◆ Exercise
Could you retype exactly the lines below between the one holding "Quần Âu Nam" and the one holding "Collier ras du", inclusive, leaving out any pictures?

◆ Records for processing
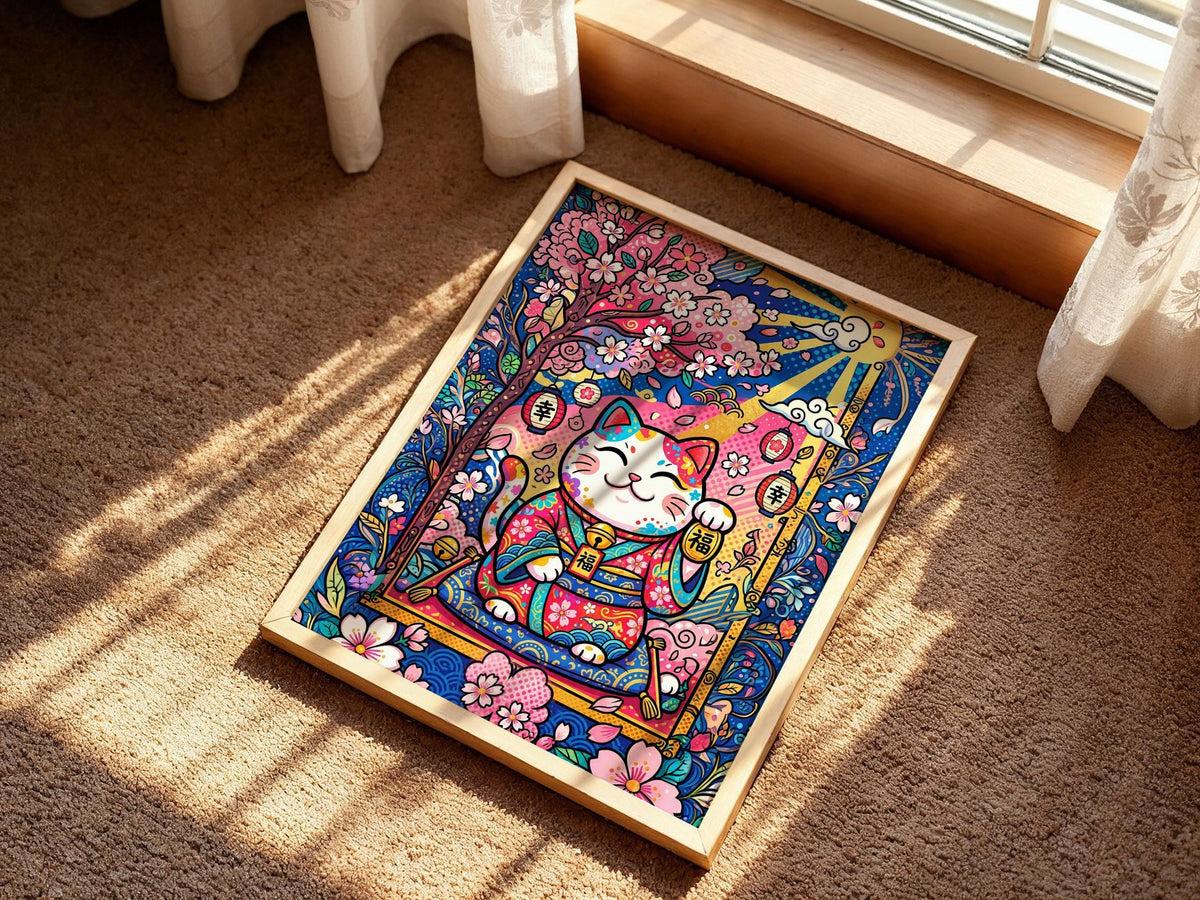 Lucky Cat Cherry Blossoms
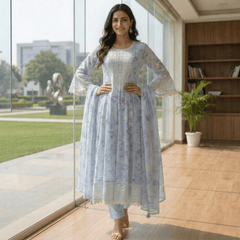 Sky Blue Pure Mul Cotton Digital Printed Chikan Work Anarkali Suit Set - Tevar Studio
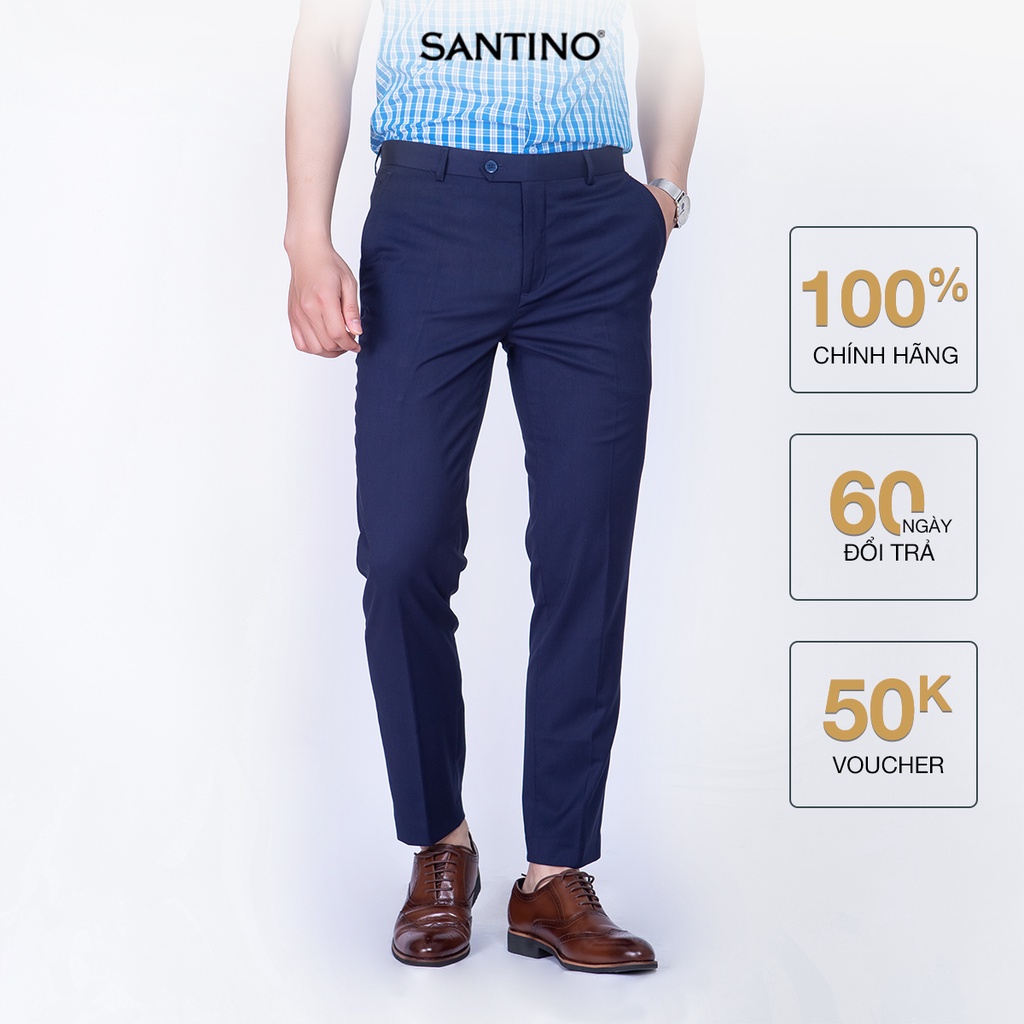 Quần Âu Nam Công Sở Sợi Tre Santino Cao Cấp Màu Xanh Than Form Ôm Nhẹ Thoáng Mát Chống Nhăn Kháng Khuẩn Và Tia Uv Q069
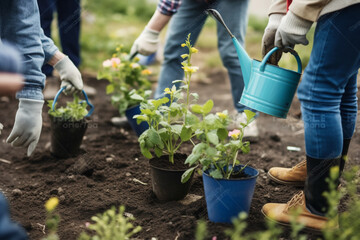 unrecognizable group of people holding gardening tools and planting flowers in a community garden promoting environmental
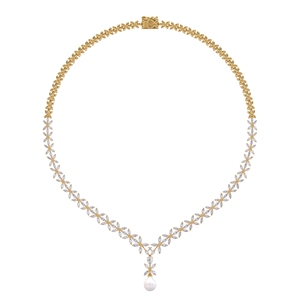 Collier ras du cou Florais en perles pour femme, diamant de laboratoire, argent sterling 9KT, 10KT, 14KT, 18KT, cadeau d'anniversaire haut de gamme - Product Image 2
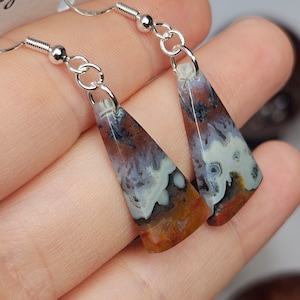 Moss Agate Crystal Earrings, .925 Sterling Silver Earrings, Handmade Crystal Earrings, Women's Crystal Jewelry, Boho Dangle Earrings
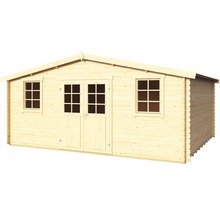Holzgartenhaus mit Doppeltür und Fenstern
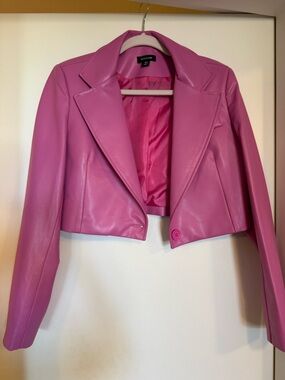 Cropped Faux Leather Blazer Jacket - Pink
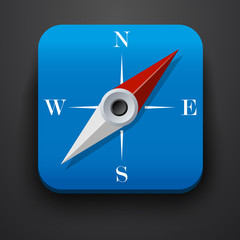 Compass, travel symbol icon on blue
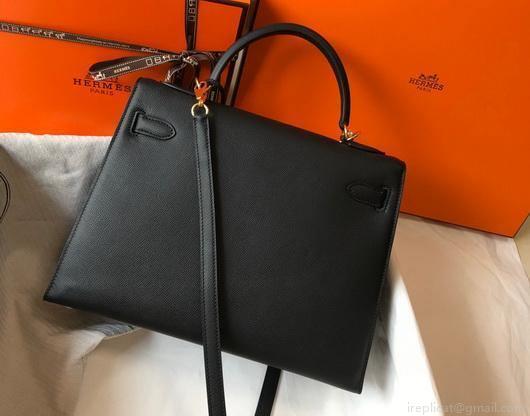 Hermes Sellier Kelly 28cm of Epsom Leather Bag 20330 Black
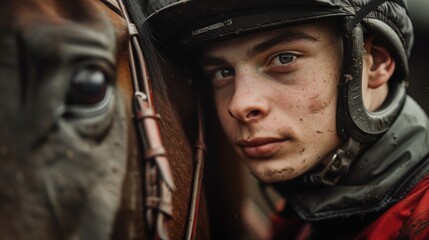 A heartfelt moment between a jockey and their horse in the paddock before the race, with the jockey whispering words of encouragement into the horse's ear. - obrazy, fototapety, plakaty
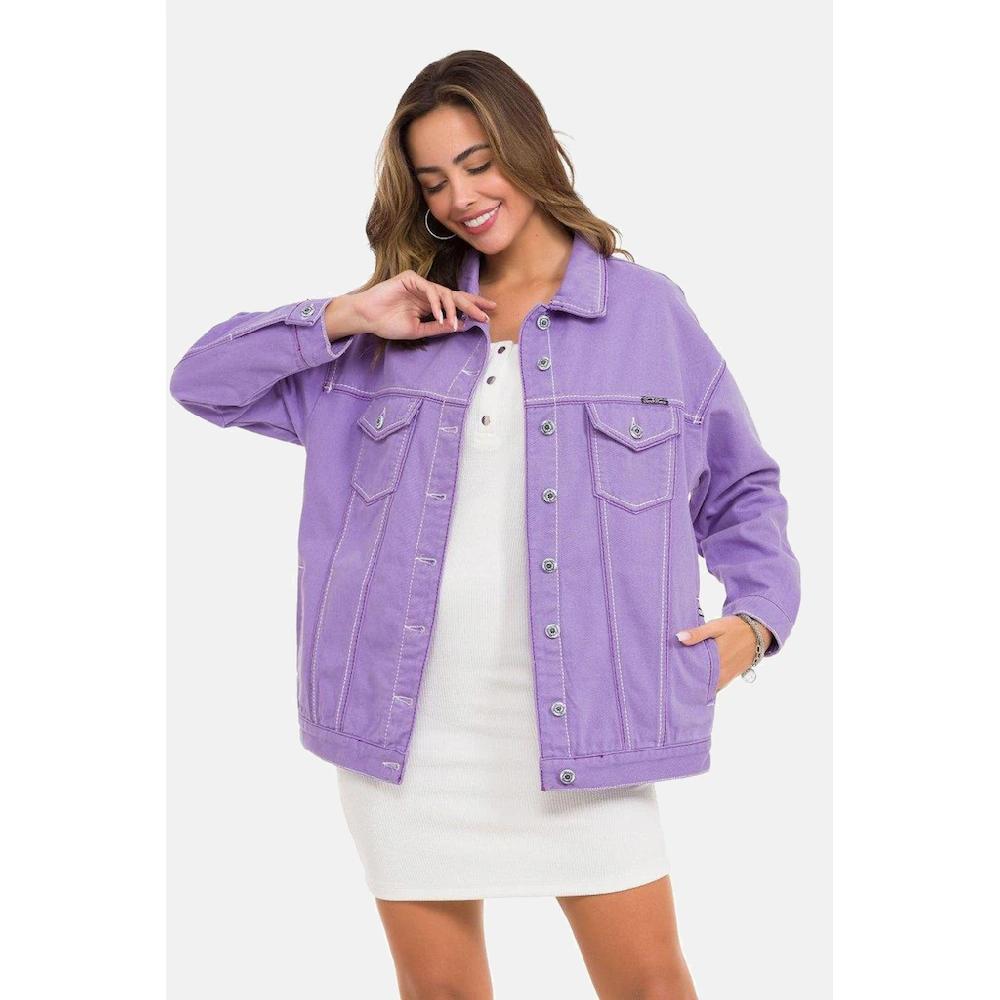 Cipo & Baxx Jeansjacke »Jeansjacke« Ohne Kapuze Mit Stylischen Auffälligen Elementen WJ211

◆ Reply to the task
 Quần Âu Nam Công Sở Sợi Tre Santino Cao Cấp Màu Xanh Than Form Ôm Nhẹ Thoáng Mát Chống Nhăn Kháng Khuẩn Và Tia Uv Q069
 unrecognizable group of people holding gardening tools and planting flowers in a community garden promoting environmental
 Collier ras du cou Florais en perles pour femme, diamant de laboratoire, argent sterling 9KT, 10KT, 14KT, 18KT, cadeau d'anniversaire haut de gamme - Product Image 2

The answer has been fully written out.